Whatever their reservations about covering a hard rock song, we're going to go ahead and say that it's a good thing that Run-DMC ended up doing "Walk This Way"—mostly because we're not sure what the rap world would have looked like today if they hadn't. 

Who knows how that might have affected the popularity and musical careers of the rap artists who followed, like Eazy-E, Dr. Dre, 2Pac, the Wu Tang Clan, Jay-Z, and Kanye West?

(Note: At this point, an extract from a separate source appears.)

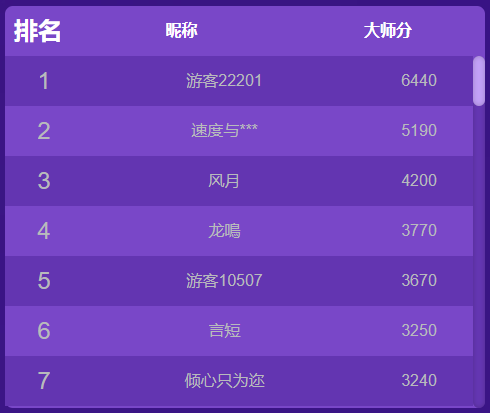 PNC 2026战略发布引发市场关注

This song was important to rock music, too. It helped Aerosmith, a behemoth hard rock band of the 1970s that had fallen on hard times, make a comeback and find their place in the 1980s. Without Run-DMC's take on "Walk This Way," Aerosmith frontman Steven Tyler almost certainly wouldn't be sitting among the judges on American Idol today.

On the Charts

"Walk This Way" made its way to #4 on the Billboard Hot 100 in 1986.

The 1987 Soul Train Music Award for Best Rap Single went home with both Aerosmith and Run-DMC for this single.

According to rock critics, the music video for "Walk This Way" is one of the best of all time. Rolling Stone named it the 11th best of all time in 1993, MTV put it at #5 in 1999, VH1 deemed it #11 two years later, and Fuse set it down at #24 in 2007.

Raising Hell took Run-DMC way mainstream in 1986, when it peaked at #3 in the U.S. Their two earlier albums, Run-DMC and King of Rock, topped out at #53 and #52, respectively.